Negli anni '60, il ritmo della sperimentazione all'interno del movimento Pop Art aumentò. Artisti come Andy Warhol, Roy Lichtenstein e Jasper Johns scoprirono che il pennello rappresentava un nuovo, sottile punto di divisione tra tradizione e modernità. Il pennello era principalmente una bacchetta di metallo, poiché il metallo era stato inventato dalle nuove tecnologie e molti lo definirono "a doppio taglio, indifferentemente ispirato e in definitiva vertiginoso". Col tempo, il pennello divenne uno stile a sé stante. Il mezzo, [il pennello a doppio taglio], con il suo aspetto affilato e lineare, fu un naturale sviluppo all'interno della Pop Art. Le sue origini risalgono agli anni '50, quando Paul Jenkins e Helmut Kohl iniziarono a sperimentare con questo mezzo.
Nei primi anni Sessanta, la pennellata non era apprezzata dagli artisti affermati. Le accademie e gli studi pittorici tradizionali prediligevano piuttosto linee tracciate con pennellate, che seguivano e recavano in rilievo scritte come: "Quotidiano" o "Cultura per tutti". Questa denominazione si poneva incentrata sulla creazione di una distanza ermetica rispetto alle opere d'arte tradizionali considerate "alte".
Il pennello rappresentava l'opposto di questo approccio artistico tradizionale. Non era espressione di poesia e surrealismo, ma un regno di emozioni che annullava la distinzione tradizionale tra arte e analisi. Con questo mezzo, si poteva creare la struttura di una cultura universale e collettiva che rendeva facile costruire ponti e, col tempo, altrettanto facile generare ingiustizie.
Il pennello è un mezzo tanto familiare quanto semplice. Tuttavia, è un mezzo che ha molto da offrire. Il pennello è un metallo che è metallo inventando nuove tecnologie e molti, "a doppio taglio e indifferentemente ispirato e con estremità zigrinate". Nel tempo, il pennello è diventato un suo stile a sé stante.
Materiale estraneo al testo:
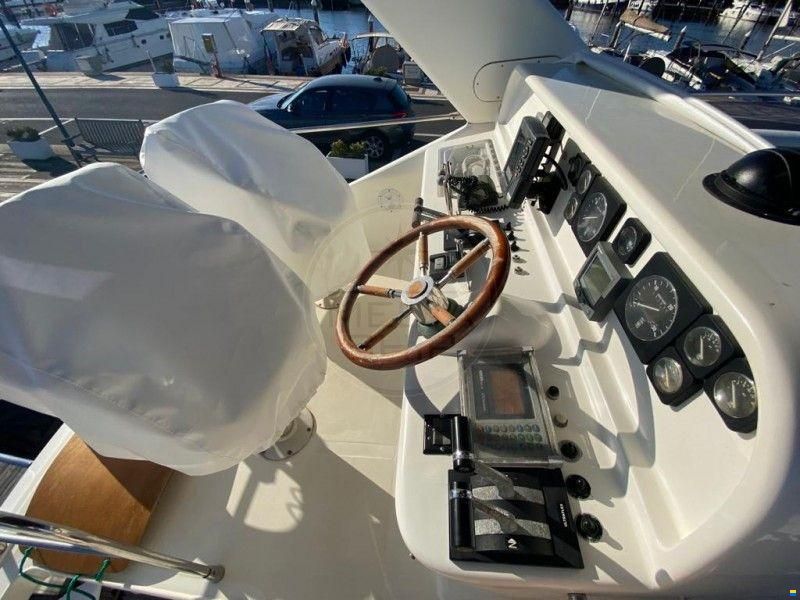 Uniesse 48 FLY
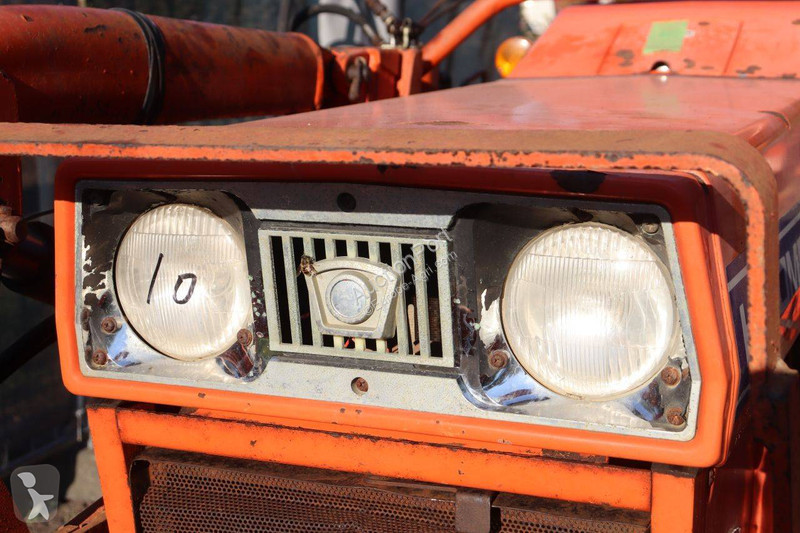Zemědělský traktor Hinomoto E264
Il mezzo, [pennello a doppio taglio], con la sua visione nitida e lineare, è stato uno sviluppo naturale all'interno della Pop Art. Risale agli anni '50, quando Paul Jenkins e Helmut Kohl iniziarono a sperimentare con questo mezzo.
Nei primi anni Sessanta, le pennellate non erano popolari tra gli artisti affermati. Le accademie tradizionali e i dipinti da studio prediligevano piuttosto linee tracciate con pennellate, che seguivano e venivano impresse a rilievo con scritte come: "Quotidiano" o "Cultura per tutti".